Credit: 119039704853

RAC: 24782232

I should have moved the first

26 May 2011 23:08:31 UTC

Message 105492

(moderation:

)

I should have moved the first message about this before responding to it. My apologies to all concerned. Once I've fixed this by shifting all the discussion into this new thread, I'll answer all the subsequent responses that have arisen.

Cheers,
Gary.

Sunny129

Joined: 5 Dec 05

Posts: 162

Credit: 160342159

RAC: 0

thanks so much for moving the

27 May 2011 0:30:20 UTC

Message 105493

(moderation:

)

thanks so much for moving the thread Gary. i have E@H set to NNT, and if/when the next errors occur, we can talk about the state file.

thanks again for the insight.

Gary Roberts

Moderator

Joined: 9 Feb 05

Posts: 5883

Credit: 119039704853

RAC: 24782232

RE: ... if it matches an

27 May 2011 1:53:17 UTC

Message 105494 in response to message 105490

(moderation:

)

Quote:

... if it matches an independent locally-generated MD5 ...

It did - at least on the couple of occasions that I took the trouble to check it out. I quickly came to the conclusion that NEITHER the data itself NOR the server supplied checksums stored in the state file were corrupt. My assumption was that it had to be something to do with the way the checksum was being calculated/tested within the BOINC client.

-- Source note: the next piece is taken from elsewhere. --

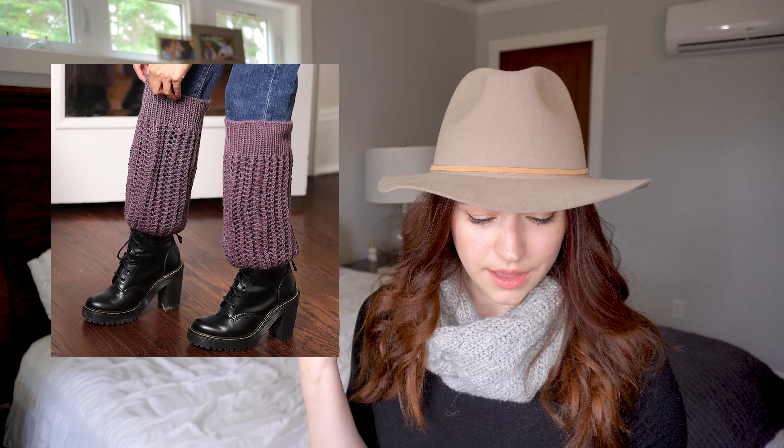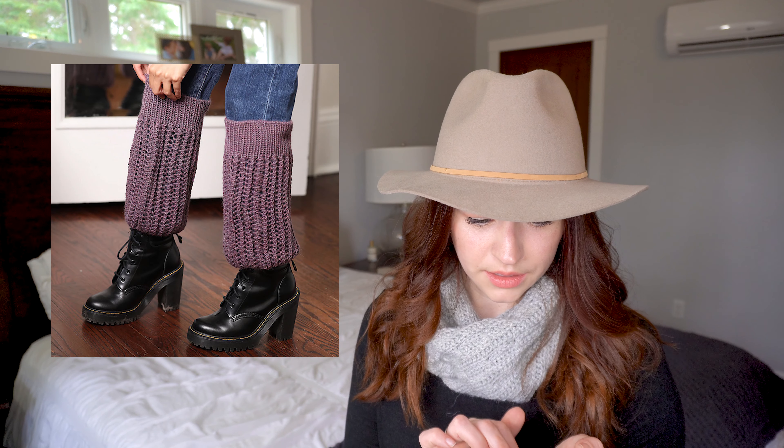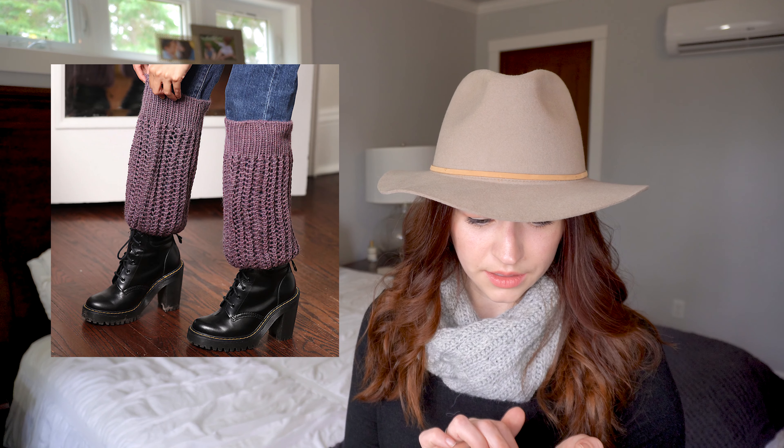Moving on to the crochet pattern — the crochet pattern is the Grass is Greener by Mommy Loves Yarn, or Liz Salazar. These are cool; they do look like grass. I've only crocheted one pair of socks in my life — I enjoyed it — but I will say these look a little bit complicated for me. They have almost like trees going through them. If you are a crocheter, let me know — does this look like a complicated sock pattern or a standard one?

My situation is quite special. I have ALL the LIGO data in question stored locally on a central host. I have the blocks for this data (extracted from state files) also stored locally. I have dozens of hosts sharing this data. I had only one host trashing groups of tasks that depended on this data. Initially, all the hosts sharing this data were "seeded" with a selection of blocks from the local repository to get them started on the frequency range I wanted them to use. Apart from the issues with this one host, I had nothing else to suggest there was any problem with the data or the server supplied checksums.

I would have retrieved groups of trashed tasks on this particular host at least 20 - 30 times over the (quite extended) period that I experimented with this particular problem. When I first noticed this problem, I had a large multi-day cache and NNT was set. There were about a dozen successfully completed tasks and perhaps 50+ tasks that had been trashed. There were more tasks that didn't depend on the supposedly corrupt LIGO file and the host was still working on these.

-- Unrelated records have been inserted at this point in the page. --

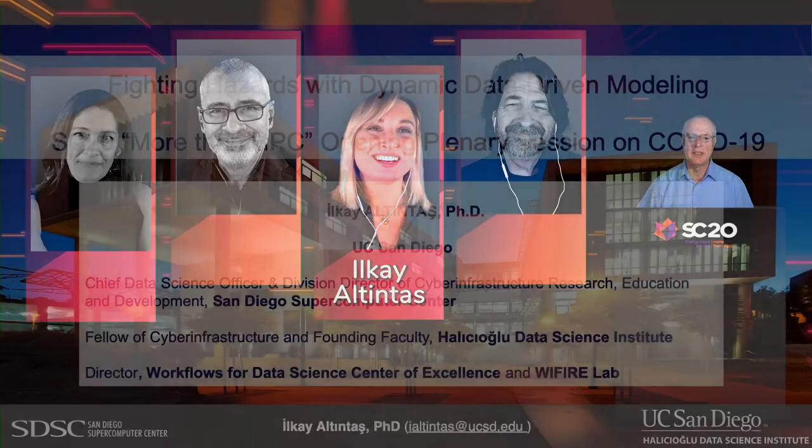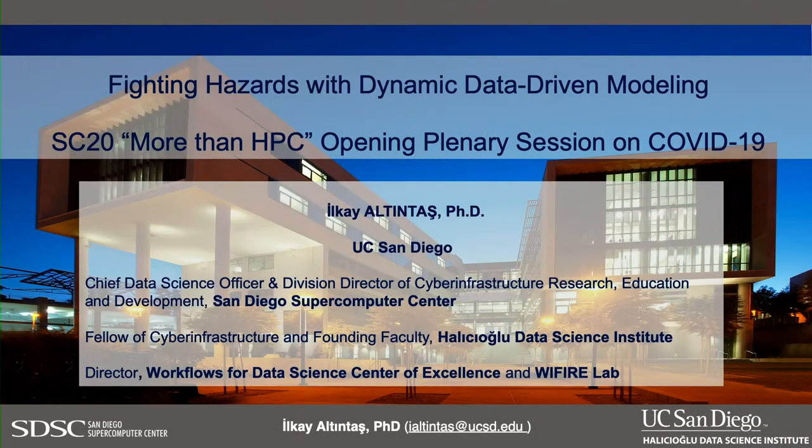Ilkay Altintas is a data and computer scientist and researcher in the domain of high-performance computing applications. She serves as the chief data science officer of the San Diego Supercomputing Center at the University of California, San Diego. Her research objective is the development of methods, cyberinfrastructure, and workflows for computational data science and its translation to practical outcomes. Her Wi-Fire lab aims to be an all-hazards knowledge cyberinfrastructure, becoming a management layer for data collection to modeling efforts, including COVID-19, and she's achieved significant success in helping manage wildfires.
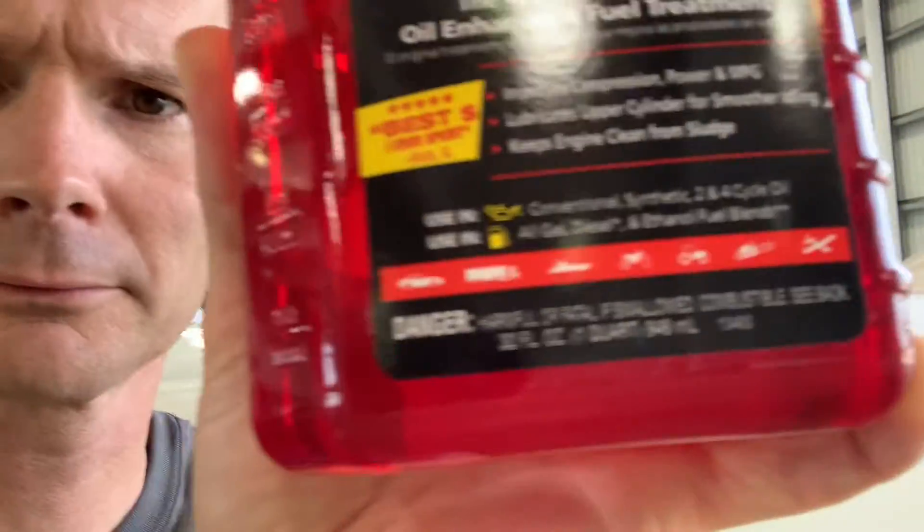Marvel Mystery Oil — the original oil enhancer and fuel treatment — improves compression, power, and MPG, and lubricates the upper cylinder for smoother idling while keeping the engine clean from sludge. We definitely need that sludge out of this engine, so we're going to try this Marvel Mystery Oil. I've already talked to a couple of IAs and they've agreed this is good stuff to use. It even has a picture of an airplane on it.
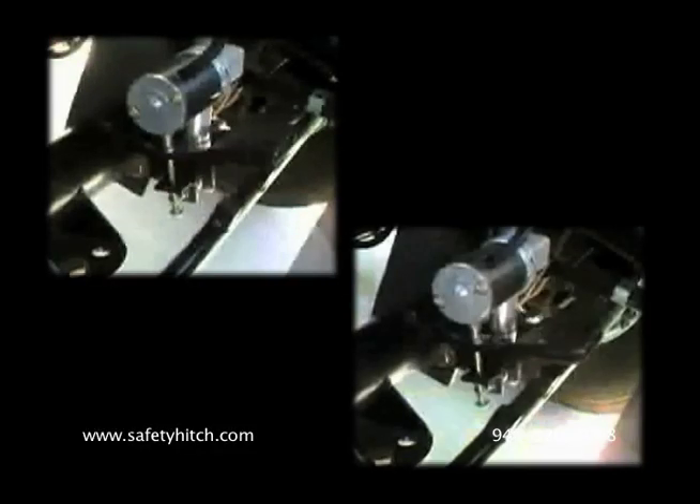It's just a matter of paying attention, planning, and signaling ahead of time — that's kind of what we should be doing anyway. If you want more information about the automated safety hitch system, please contact the company at this website or phone number.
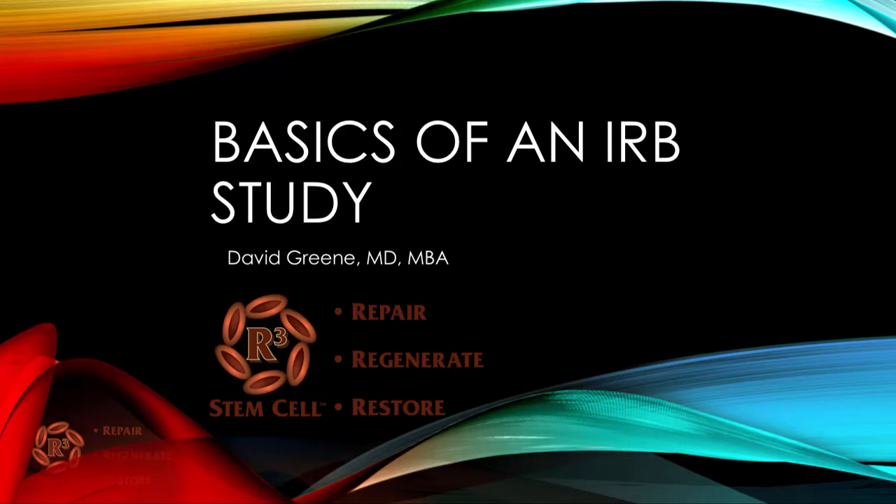Hello, this is Dr. David Green, CEO of R3 Stem Cell. Today's topic is the basics of an IRB study.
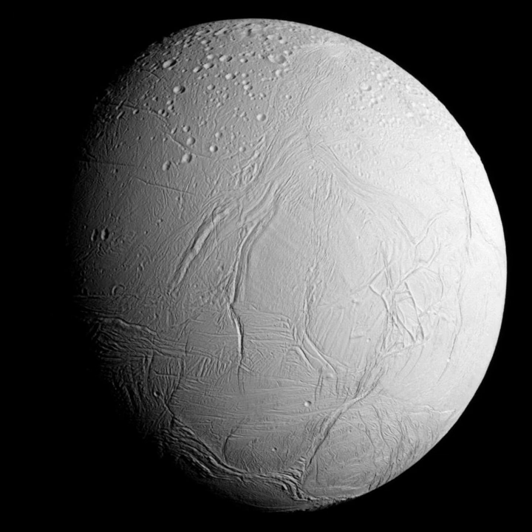Enceladus is one of the major inner satellites of Saturn along with Dione, Tethys, and Mimas. It orbits at 238,000 km from Saturn's center and 180,000 km from its cloud tops, between the orbits of Mimas and Tethys. It orbits Saturn every 32.9 hours, fast enough for its motion to be observed over a single night. Enceladus is currently in a 2-to-1 mean motion orbital resonance with Dione, completing two orbits around Saturn for every one orbit completed by Dione. This resonance maintains Enceladus's orbital eccentricity, known as a forced eccentricity, resulting in tidal deformation. The dissipated heat from this deformation is the main heating source for Enceladus's geologic activity.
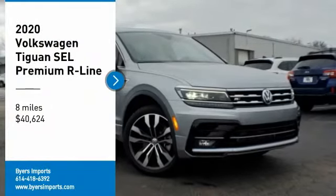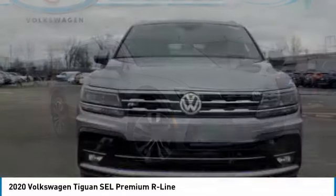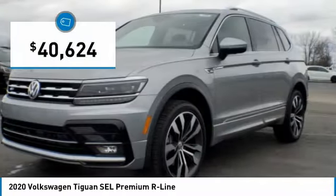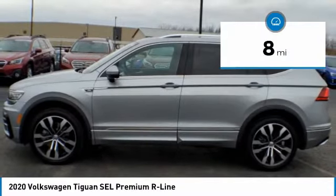We are pleased to show you the 2020 Tiguan. With Volkswagen Tiguan, it's good to be turbo. Turbo with class. And is priced below $45,000. This vehicle has less than 100 miles.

Naturally, I was quite dismayed so I stopped BOINC and started browsing the state file to try to get a handle on what was going on. It's a long story but I spent a lot of time studying the internals of the state file and I decided to attempt a recovery, knowing that E@H had the "resend lost tasks" feature enabled. By comparing a copy of a "good" state file with the current one, I found it quite easy to see what needed to be done to "undo" the damage. It was easy to see the particular LIGO file that caused the problem and "fix" the block for that file. I had a freeware MD5 tester and I used it to create a sum to compare against the value in the state file. It checked out OK but I did replace the file with a fresh copy from the local repository - which also checked out OK as well.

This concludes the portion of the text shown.